The action of the claimed products was clinically tested. Soaps were formulated in the presence or in the absence of a mixture containing olive oil PEG-7 esters (component A) and Sodium PEG-7 Olive Oil Carboxylate (component B). The ingredients were individually tested. The effect of three soaps (alone, with component A and with component B) was verified on the skin, by testing trans-epidermal water loss (TEWL), skin hydration (corneometry) and skin irritation (colorimetry). Soaps containing either component A or component B exhibited a decrease in TEWL, reduced loss of skin hydration and reduced skin irritation.

As a surfactant, Sodium PEG-7 Olive Oil Carboxylate (in the following Olivem 400) was tested through an in vitro alternative to measure potential eye irritation.
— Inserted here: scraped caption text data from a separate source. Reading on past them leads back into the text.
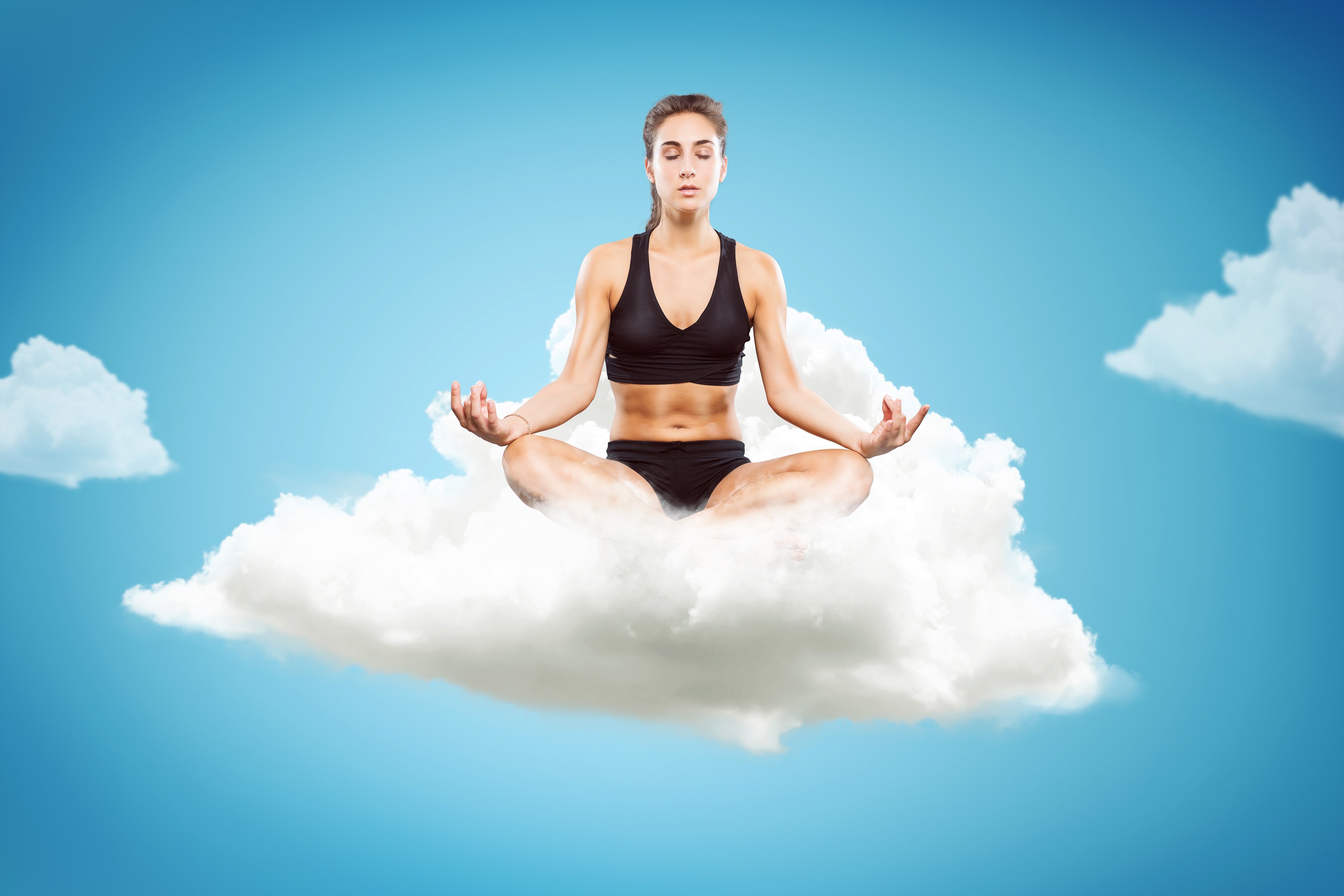Йога поток. Девушка медитирует. Расслабление. Девушка в позе лотоса. Йога в облаках.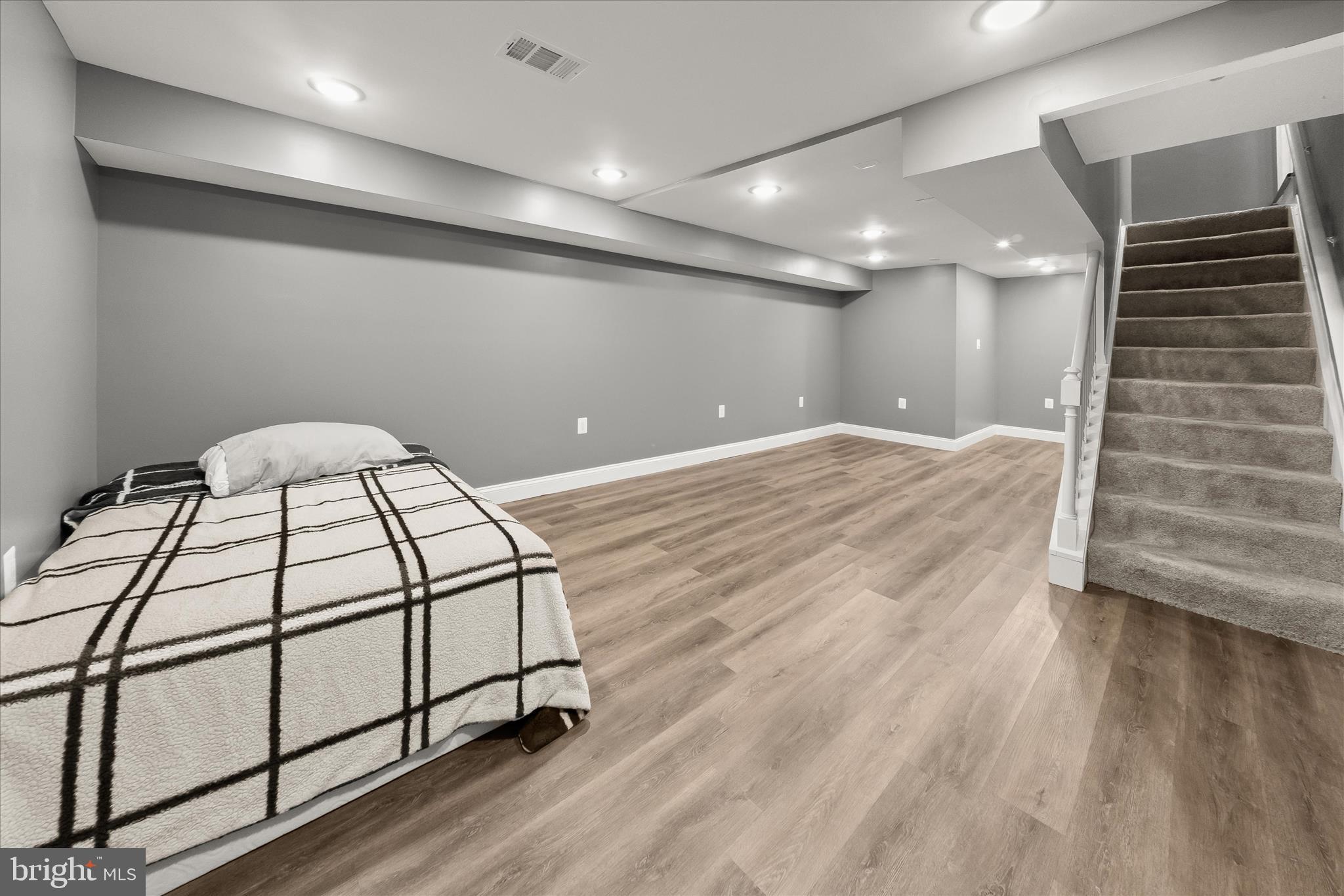 FOX HILLS OF POTOMAC - Residential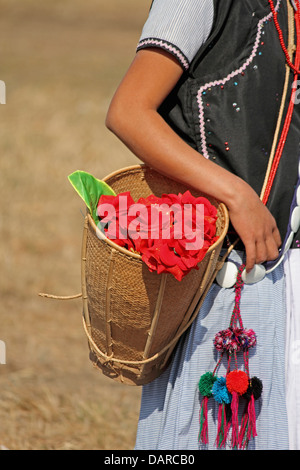 Yobin Stamm, Frau mit Blumen in einem Korb am Namdapha Öko-Kultur-Festival, Miao, Arunachal Pradesh, Indien Stockfoto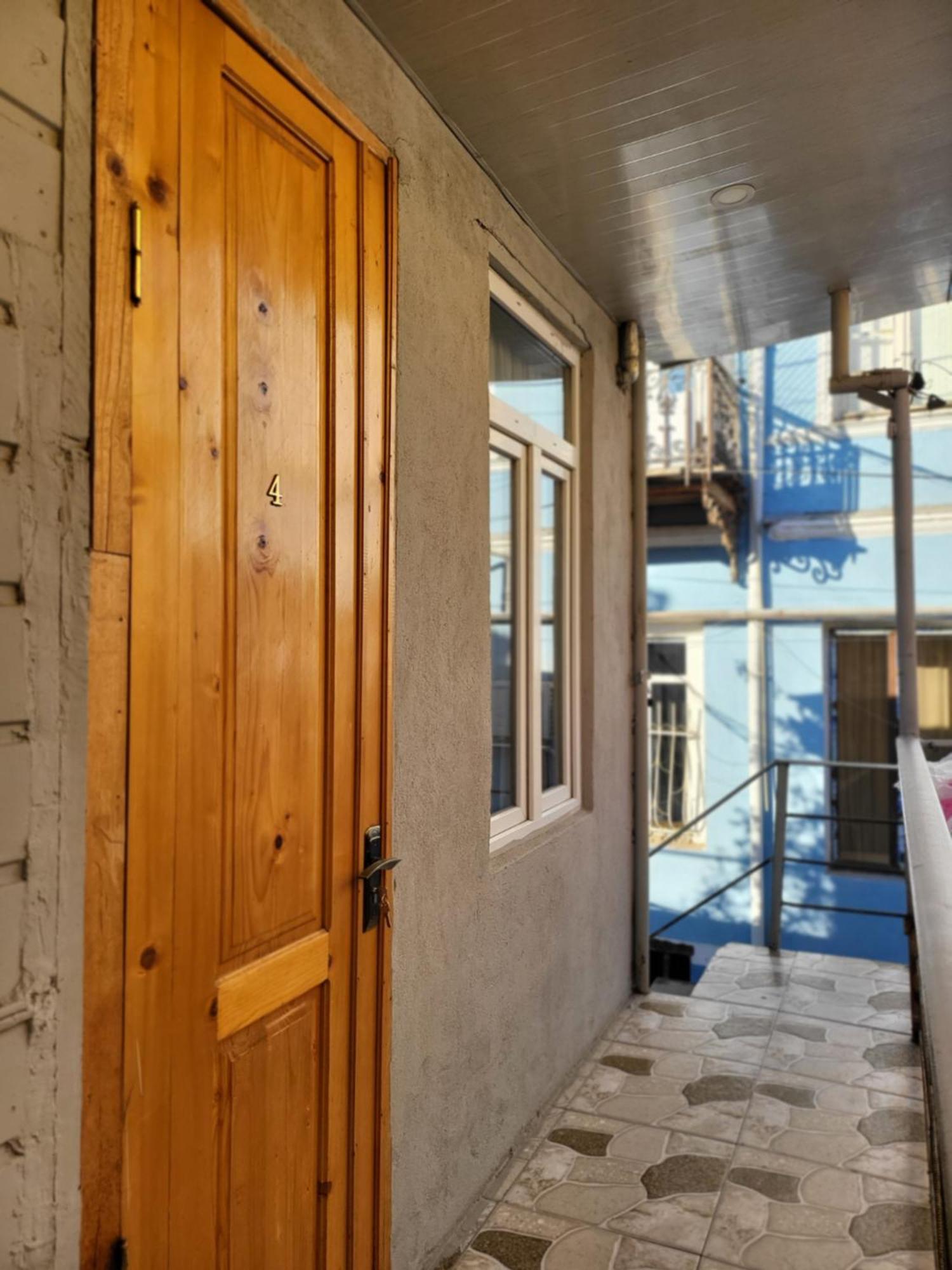 Guesthouse Sabina Тбілісі Екстер'єр фото
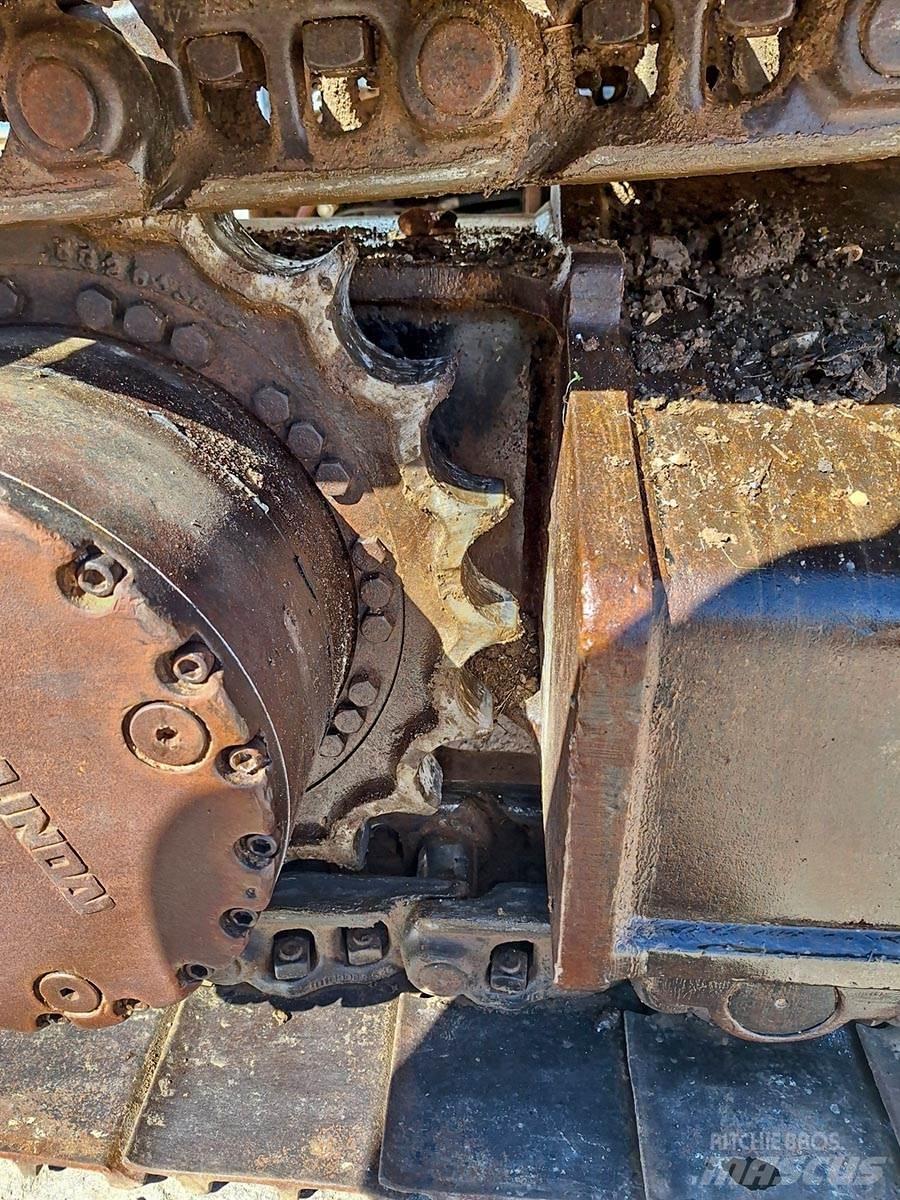 Hyundai R210NLC-7 Bageri guseničari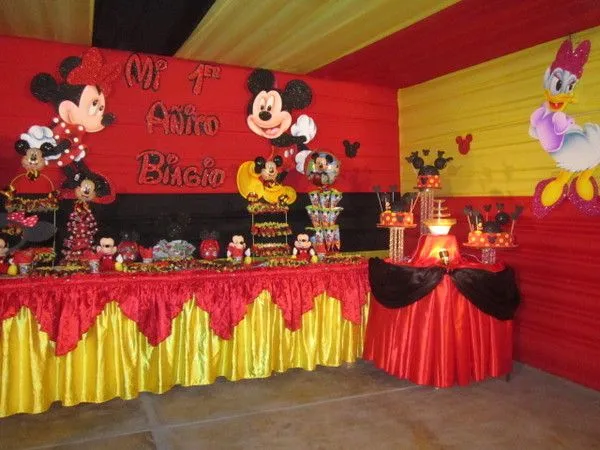 Decoración en tela para fiesta infantil - Imagui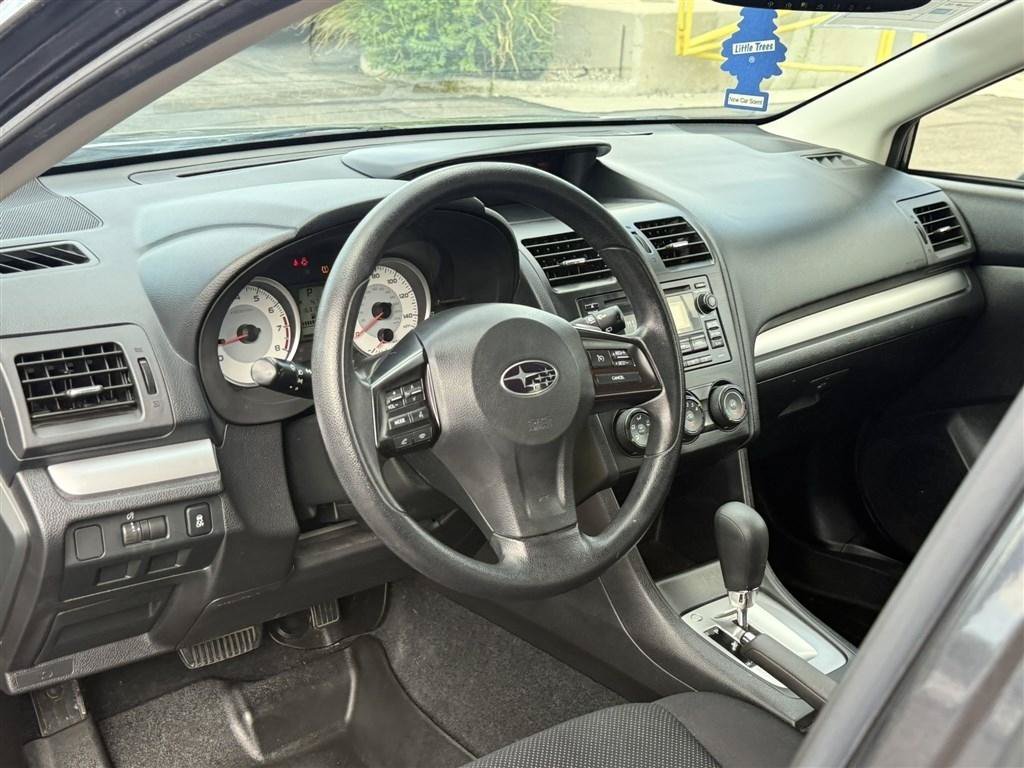 Used 2013 Subaru Impreza 2.0i Premium w/ All-Weather Pkg AWD/4WD image 10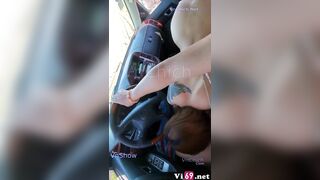 Đang lái xe mà e vạch quần ra bú cu xuất tinh lên kính xe đến co giật chim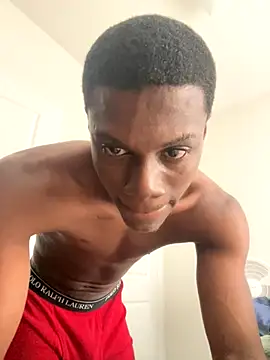 Snapshot of labishyoung25 chatting on 10/14/25, 06:31 labishyoung25 online show from 10/14/25, 06:31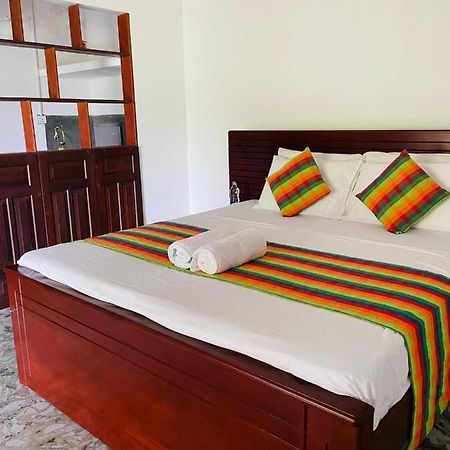 Surf Front Hotel Ахангама Екстериор снимка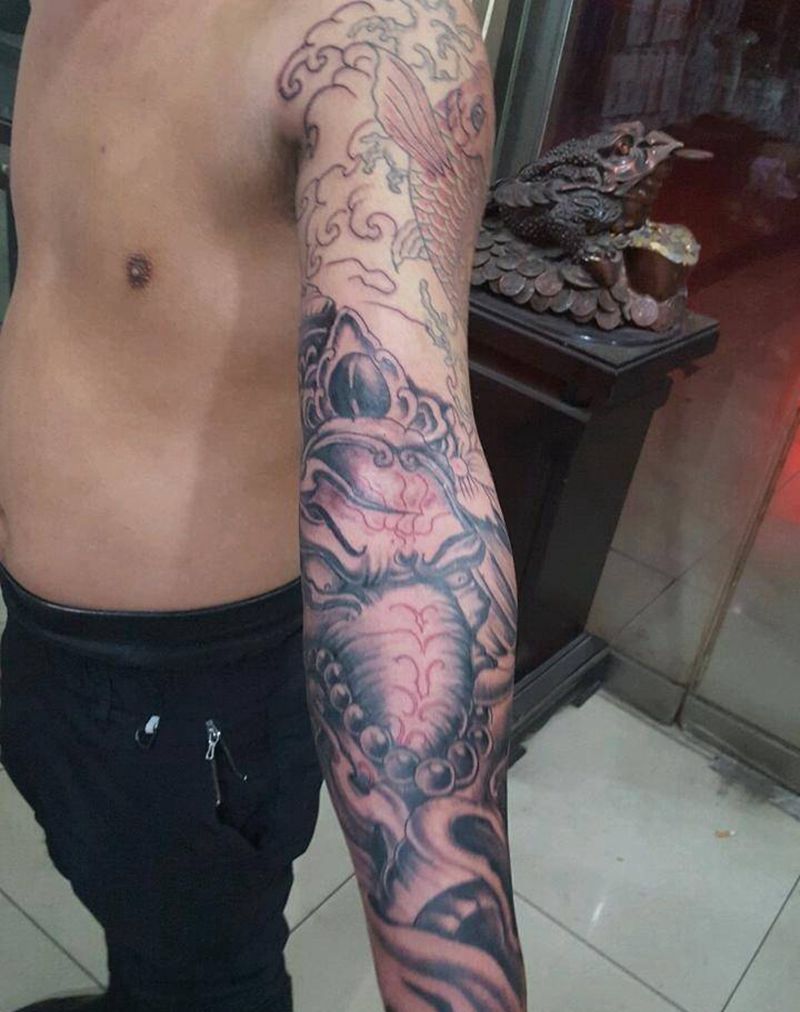 修改花臂纹身图片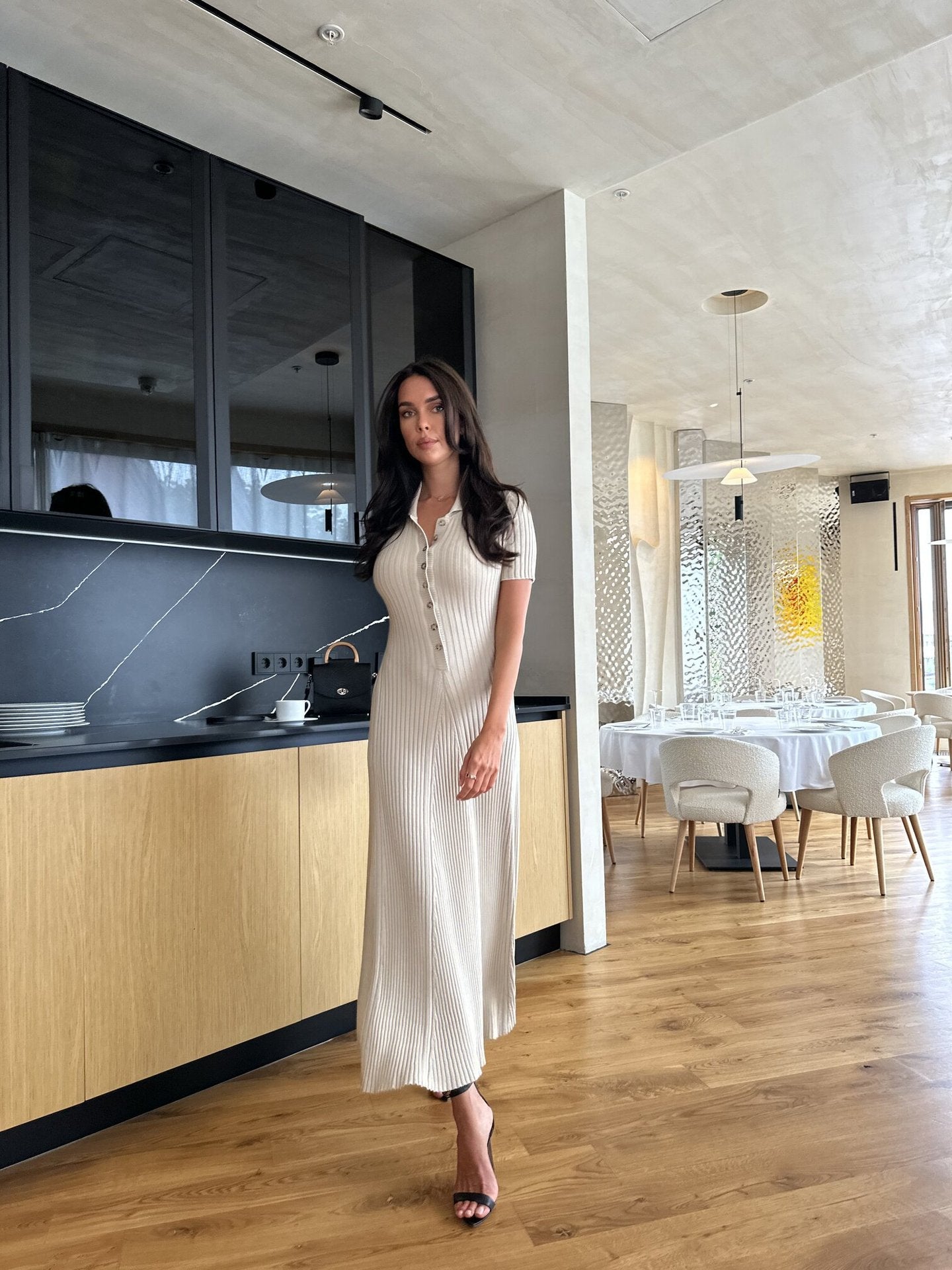 Damen Midi-Kleid mit feiner Rippstruktur WW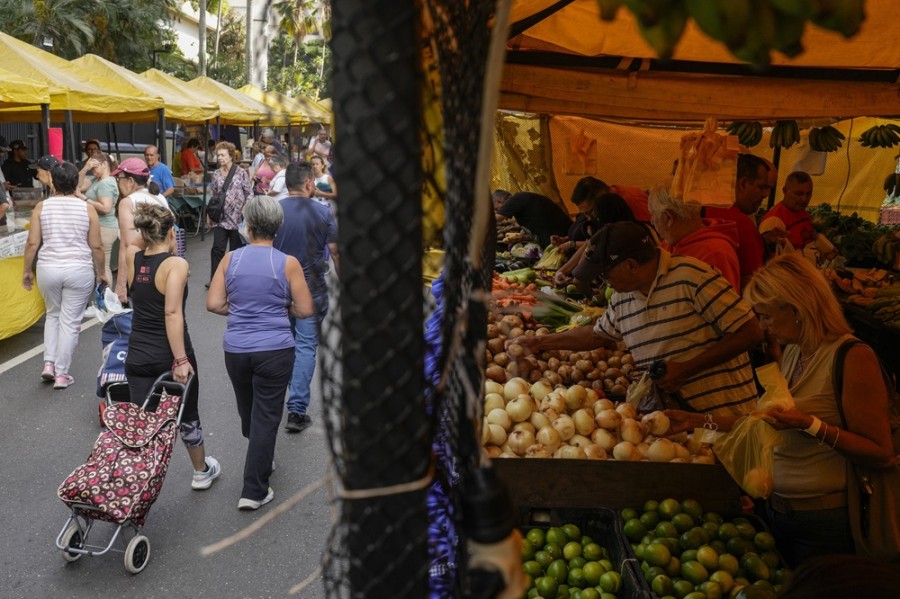 La inflación de México cae inesperadamente en la primera quincena de agosto. Foto AP/Matias Delacroix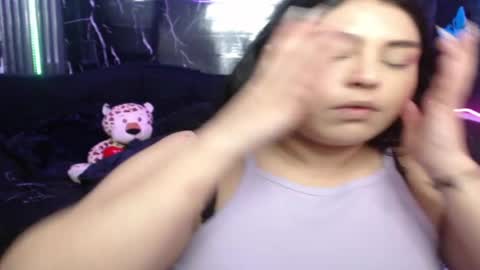 chloe_smith5 online show from April 1, 1:23 pm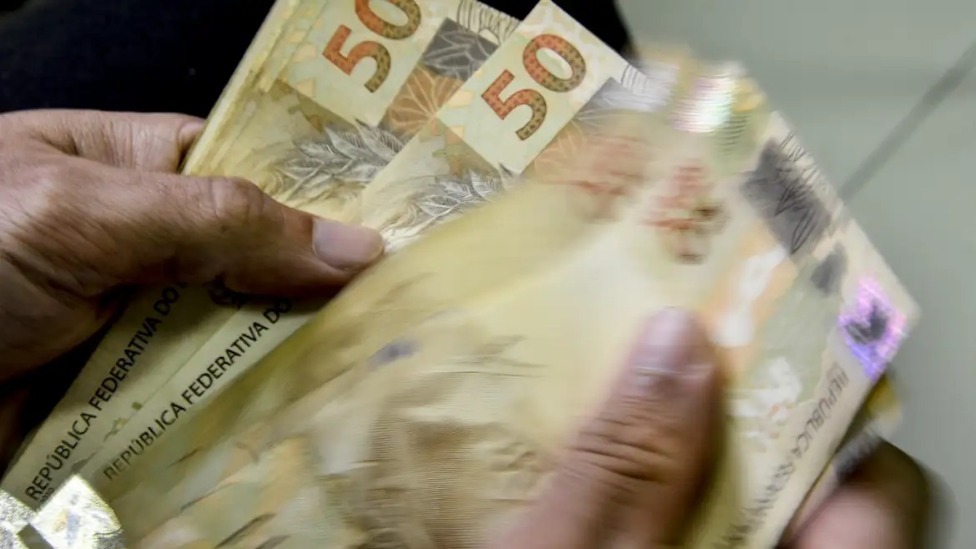 INSS começa a pagar 13º antecipado a quem recebe acima do mínimo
This assay quantifies the effects of surfactants on the lysis of erythrocytes (H) and on the three-dimensional conformational changes of proteins (D). Briefly, when erythrocytes are incubated in the presence of surfactants, the latter may interact with the membrane lipids of erythrocytes and cause lysis thereof, thereby releasing intracellular proteins (mostly hemoglobin). Hemoglobin release can be quantified by optical density measurements and is calculated as parameter H. In a second phase, surfactants may interact with proteins causing denaturation thereof. This will lead to a three-dimensional conformational change (denaturation) of proteins that can also be quantified by optical density measurements. Protein denaturation is calculated as parameter D. Results are expressed as H/D ratio by weight. Products having an H/D ratio of 10 or above are categorised as non pro-irritant, while those showing an H/D ratio below 10 are categorised as potentially pro-irritant. It is noteworthy that most surfactants become pro-irritant when they interact with proteins of the stratum corneum, causing protein denaturation. An H/D ratio as high as possible is therefore desirable. A comparison of the H/D ratio of Olivem 400 with standard surfactants showed that Olivem 400 exhibits a higher H/D ratio by 2.19-89.28 times.

Olivem 400 can also reduce the aggressiveness of other surfactants when mixed with them. A solution of 17.1% sodium lauryl ether sulphate was incubated in the presence of 7.2% of sodium cocoamphoacetate (NCA), decyl glucoside (DG) or Olivem 400. All the above-cited agents are mild surfactants. The admixtures with Olivem 400 led to an H/D higher by 1.12-2.01 times than with the others, the H/D value being 12.1. Therefore the products according to this invention can be used both alone (as surfactants) and in a mixture with other surfactants (as agents making the other surfactants milder). Although a surfactant produced by inserting the products of this invention into a conventional surfactant is stronger (i.e. less mild) than the products of this invention alone, it is nevertheless useful to make the conventional surfactants less harmful.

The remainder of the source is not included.